Меня интересует в основном не «дискурс» и его модели, а радио само по себе. Радио —
не пресловутое «окно в мир», но сам мир, причем какой-то другой; если
угодно — подлинный. Давно просится на язык выражение «вещь в себе». Но
вещь в себе по определению несказуема. Значит, важен
самый разговор о ней, разговор вообще, вокруг и около, мир — это и есть
разговор. Слова? Да, но и еще нечто — звук. Даже больше: звук не прибавляет к
слову (ересь: таковое самодостаточно и вне системы
языка), но что-то другое являет: самого себя.
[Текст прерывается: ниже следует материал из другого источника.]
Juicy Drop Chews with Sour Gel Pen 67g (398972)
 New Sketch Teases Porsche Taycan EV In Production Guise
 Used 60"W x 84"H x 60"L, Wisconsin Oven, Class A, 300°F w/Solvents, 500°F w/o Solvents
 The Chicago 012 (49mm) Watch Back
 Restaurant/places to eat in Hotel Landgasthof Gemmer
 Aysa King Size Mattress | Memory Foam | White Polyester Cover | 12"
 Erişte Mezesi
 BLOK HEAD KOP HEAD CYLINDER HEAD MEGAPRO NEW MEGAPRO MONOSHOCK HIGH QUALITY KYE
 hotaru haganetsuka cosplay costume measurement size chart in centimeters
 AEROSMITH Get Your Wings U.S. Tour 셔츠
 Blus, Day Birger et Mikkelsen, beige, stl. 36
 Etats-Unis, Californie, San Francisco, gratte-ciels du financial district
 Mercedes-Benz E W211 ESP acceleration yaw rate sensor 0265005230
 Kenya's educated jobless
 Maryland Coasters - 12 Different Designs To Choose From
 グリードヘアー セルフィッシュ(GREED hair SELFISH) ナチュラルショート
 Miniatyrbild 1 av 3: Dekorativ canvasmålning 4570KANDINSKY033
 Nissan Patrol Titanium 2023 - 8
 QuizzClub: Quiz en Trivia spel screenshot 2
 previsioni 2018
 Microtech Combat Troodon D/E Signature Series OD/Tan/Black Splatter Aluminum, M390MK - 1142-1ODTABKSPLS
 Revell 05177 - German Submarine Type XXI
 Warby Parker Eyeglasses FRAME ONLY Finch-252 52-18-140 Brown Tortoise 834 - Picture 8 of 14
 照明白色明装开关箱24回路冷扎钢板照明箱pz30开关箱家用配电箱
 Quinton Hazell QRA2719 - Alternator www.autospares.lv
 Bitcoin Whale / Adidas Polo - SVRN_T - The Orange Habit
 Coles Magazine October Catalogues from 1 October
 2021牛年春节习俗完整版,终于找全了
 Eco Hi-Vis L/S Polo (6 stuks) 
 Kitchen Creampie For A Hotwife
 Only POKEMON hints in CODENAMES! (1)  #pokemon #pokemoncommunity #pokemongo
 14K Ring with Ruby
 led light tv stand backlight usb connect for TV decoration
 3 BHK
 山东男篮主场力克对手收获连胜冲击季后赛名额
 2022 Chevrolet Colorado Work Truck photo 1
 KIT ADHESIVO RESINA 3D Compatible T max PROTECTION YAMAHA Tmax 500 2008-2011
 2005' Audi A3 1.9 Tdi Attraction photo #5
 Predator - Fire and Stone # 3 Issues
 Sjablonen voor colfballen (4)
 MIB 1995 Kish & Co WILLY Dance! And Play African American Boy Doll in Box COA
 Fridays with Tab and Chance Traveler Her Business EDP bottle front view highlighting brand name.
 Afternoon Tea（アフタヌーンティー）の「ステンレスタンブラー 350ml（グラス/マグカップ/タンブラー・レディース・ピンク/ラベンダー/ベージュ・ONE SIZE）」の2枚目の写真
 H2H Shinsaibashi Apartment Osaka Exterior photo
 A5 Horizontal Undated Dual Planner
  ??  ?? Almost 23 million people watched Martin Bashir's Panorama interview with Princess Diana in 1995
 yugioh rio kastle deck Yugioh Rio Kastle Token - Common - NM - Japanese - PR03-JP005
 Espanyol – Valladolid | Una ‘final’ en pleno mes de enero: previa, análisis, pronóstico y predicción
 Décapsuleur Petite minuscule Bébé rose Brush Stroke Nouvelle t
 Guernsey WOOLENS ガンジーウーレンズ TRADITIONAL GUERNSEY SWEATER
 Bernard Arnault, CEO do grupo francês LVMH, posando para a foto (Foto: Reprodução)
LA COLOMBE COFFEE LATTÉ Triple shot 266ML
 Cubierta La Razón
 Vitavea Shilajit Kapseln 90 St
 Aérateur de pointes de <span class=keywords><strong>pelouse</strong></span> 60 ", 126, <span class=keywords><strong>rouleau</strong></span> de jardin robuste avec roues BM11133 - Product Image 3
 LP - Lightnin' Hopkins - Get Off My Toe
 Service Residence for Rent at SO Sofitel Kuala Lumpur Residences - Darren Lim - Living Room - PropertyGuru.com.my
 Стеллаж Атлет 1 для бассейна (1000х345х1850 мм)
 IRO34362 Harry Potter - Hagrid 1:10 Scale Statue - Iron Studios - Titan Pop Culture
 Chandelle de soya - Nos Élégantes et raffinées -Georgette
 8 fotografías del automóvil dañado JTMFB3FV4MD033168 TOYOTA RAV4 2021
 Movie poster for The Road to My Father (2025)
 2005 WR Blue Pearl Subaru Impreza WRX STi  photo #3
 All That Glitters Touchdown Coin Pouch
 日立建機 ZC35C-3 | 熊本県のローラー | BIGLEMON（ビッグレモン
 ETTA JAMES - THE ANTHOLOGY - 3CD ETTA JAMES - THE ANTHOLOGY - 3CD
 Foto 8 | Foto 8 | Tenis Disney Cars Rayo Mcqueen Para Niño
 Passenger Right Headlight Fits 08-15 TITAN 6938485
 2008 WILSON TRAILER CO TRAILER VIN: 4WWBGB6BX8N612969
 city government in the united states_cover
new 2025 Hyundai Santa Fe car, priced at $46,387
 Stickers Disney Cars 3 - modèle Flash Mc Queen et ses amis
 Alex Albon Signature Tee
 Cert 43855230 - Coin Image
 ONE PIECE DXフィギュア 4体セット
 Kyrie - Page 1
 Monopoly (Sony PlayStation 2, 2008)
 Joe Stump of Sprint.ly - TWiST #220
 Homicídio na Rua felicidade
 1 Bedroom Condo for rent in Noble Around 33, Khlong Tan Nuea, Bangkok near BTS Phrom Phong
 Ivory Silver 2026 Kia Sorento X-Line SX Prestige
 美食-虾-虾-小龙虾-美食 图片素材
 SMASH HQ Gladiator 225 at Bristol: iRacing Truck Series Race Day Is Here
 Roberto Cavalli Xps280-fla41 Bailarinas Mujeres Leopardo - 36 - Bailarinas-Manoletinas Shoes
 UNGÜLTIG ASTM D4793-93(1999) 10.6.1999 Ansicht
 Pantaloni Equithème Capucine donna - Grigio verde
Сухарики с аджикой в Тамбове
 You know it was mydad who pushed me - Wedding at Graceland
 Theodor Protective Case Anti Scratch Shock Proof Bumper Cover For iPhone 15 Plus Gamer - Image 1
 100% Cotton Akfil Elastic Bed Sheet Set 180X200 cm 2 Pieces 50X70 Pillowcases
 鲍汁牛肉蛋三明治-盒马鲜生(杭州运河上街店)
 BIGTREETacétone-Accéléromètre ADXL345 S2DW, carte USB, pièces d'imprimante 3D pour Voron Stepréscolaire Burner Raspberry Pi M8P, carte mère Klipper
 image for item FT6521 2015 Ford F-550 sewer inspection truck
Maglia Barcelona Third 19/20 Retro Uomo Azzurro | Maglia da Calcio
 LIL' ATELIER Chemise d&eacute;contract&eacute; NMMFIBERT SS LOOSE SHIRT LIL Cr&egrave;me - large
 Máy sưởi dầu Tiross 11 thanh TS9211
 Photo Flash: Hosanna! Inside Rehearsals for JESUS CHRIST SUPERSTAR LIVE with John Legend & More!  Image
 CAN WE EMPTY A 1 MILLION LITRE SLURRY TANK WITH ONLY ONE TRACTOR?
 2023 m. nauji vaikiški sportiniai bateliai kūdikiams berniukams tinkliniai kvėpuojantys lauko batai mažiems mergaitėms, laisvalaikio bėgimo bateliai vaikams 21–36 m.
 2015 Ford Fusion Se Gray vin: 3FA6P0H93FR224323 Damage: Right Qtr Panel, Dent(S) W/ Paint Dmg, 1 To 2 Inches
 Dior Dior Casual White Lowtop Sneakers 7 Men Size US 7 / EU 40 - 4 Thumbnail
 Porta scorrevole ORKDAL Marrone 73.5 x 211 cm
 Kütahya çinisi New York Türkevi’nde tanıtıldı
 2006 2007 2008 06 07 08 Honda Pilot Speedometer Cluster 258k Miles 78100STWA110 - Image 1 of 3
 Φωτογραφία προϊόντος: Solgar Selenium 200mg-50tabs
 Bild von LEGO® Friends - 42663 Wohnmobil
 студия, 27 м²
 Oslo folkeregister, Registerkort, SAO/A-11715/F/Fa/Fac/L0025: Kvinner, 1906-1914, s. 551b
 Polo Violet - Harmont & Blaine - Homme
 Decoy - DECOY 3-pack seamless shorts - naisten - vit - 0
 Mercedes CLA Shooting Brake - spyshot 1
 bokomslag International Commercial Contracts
Всякий радиоразговор,
радиозвук, в идее, — заумь.
Вот почему радио — идеальный передатчик
музыки. Говорю опять-таки ересь, но по мне, ходить в концерт — нонсенс и
профанация, потому что в зале не только музыка, но и люди: дирижер,
оркестранты, слушатели, по-разному одетые. В симфоническом зале излишек
визуального элемента. Недаром знатоки при исполнении музыки закрывают глаза.
Слишком ощутимы эмпирически-конкретные ступени объективации воли, как сказал бы
Шопенгауэр, тогда как музыка есть воля вне объективации, манифестация воли как
таковой. Музыка — это радио. Посетители концертов ищут шума, а не шепота.
Надо ли напоминать, что лучшее радио — звучащее негромко?
В свое время радио выполняло функции репортажа с
места событий (тот же футбол). Это было по бедности. Репортаж, синхронный
актуальный рассказ, органичен телевидению. Но вне зрелищного элемента он
приобретает собственную выразительность. Я видел документальный фильм о гибели
дирижабля «Гинденбург»: на хроникальную киноленту наложили тогдашний
радиорепортаж. Стоило закрыть глаза, и восприятие становилось во сто раз острее.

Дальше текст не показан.